:: Material to process ::
# # # # # # #

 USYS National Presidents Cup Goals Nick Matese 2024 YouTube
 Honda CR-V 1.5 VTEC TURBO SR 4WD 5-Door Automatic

# # # # # # #

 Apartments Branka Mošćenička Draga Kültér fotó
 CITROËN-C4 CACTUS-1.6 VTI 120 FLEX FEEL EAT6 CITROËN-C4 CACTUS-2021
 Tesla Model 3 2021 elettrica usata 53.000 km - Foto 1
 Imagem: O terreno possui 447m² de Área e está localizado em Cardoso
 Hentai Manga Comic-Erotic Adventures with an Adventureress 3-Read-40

# # # # # # #

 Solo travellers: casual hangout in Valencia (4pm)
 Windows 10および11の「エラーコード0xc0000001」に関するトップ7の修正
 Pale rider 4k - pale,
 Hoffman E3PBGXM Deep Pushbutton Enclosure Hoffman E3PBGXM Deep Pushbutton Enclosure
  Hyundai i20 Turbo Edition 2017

# # # # # # #

:: Your instructions ::
Given the records above, restate word for word only the lines starting at the one with "USYS National Presidents" and ending at the one with "Honda CR-V 1.5".

:: Reply ::
 USYS National Presidents Cup Goals Nick Matese 2024 YouTube
 Honda CR-V 1.5 VTEC TURBO SR 4WD 5-Door Automatic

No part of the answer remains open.